I'm a webtrepreneur, which means I buy domain names and either flip them or develop them in to functioning businesses.

This means I can do my job anywhere.

I want to move to the US, I'm 26, and want to get involved and live the "American" way of life for a few months.

Everyone always says New York, but I'll know I will get there one day, I want to live the American way of life which I'm not sure is as possible in New York due to the large International community, much like London (where I have lived), so without going to the Midwest, where is a great place to live...

Key prerequisites for me is only an internet connection!

Suggest and reason why please!


----------



## Bevdeforges (Nov 16, 2007)

Webtrepreneur or not, you're going to have a significant problem securing a working visa for the US. (And really now, can you actually get involved in the American way of life without paying taxes and rent and all those other fun things?)

But, apart from the visa issue, I'd recommend a large university town - unfortunately, this usually means somewhere in the Midwest, but not always. Even if you're not a student at the university, the large college towns are a source of plenty to do (concerts, events, etc.). Austin, Texas is both a university town and a high tech center, so maybe that would suit you without being in the Midwest.
Cheers,
Bev


----------



## ShaunMcGowan (Apr 20, 2010)

Thanks Bev.

Austin could be good.

I will not require a visa as I only plan to stay for 3 months before going to use my Canada Visa (1 year) and will make some trips back to the US (holidays) during that time.

I will have my own work with me so as far as the US is concerned I will not need a work visa.

Say I do like the MidWest, what are my options?
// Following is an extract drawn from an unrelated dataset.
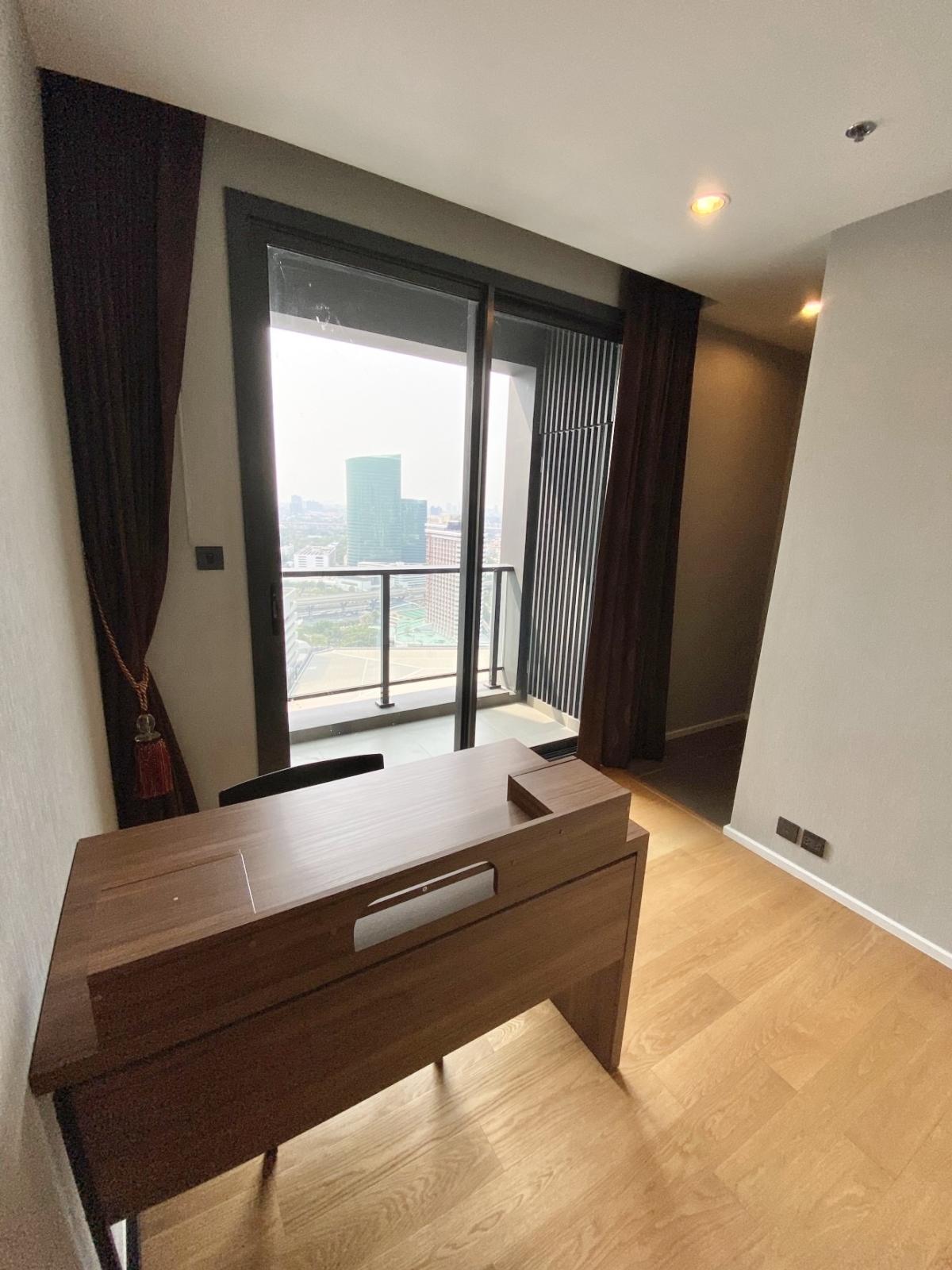 For SaleCondoLadprao, Central Ladprao : Luxury 3-bedroom 155 sq.m. at M Ladprao in the city centerClose to BTS Ha Yeak Ladprao for only 31.9 million!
Uni Town idea sounds good, didn't think of that.


----------



## Bevdeforges (Nov 16, 2007)

ShaunMcGowan said:


> Thanks Bev.
> 
> Austin could be good.
> 
> ...


As far as university towns go, look into any of the "Big Ten" schools. My own preference (because I went there) is Bloomington, Indiana, home to Indiana University. But Champaign-Urbana, Illinois (University of Illinois), Lafayette, Indiana (Purdue) or others are possibilities. Chicago can be a real fun place, too - and Northwestern University is nearby - if you prefer a Big City atmosphere.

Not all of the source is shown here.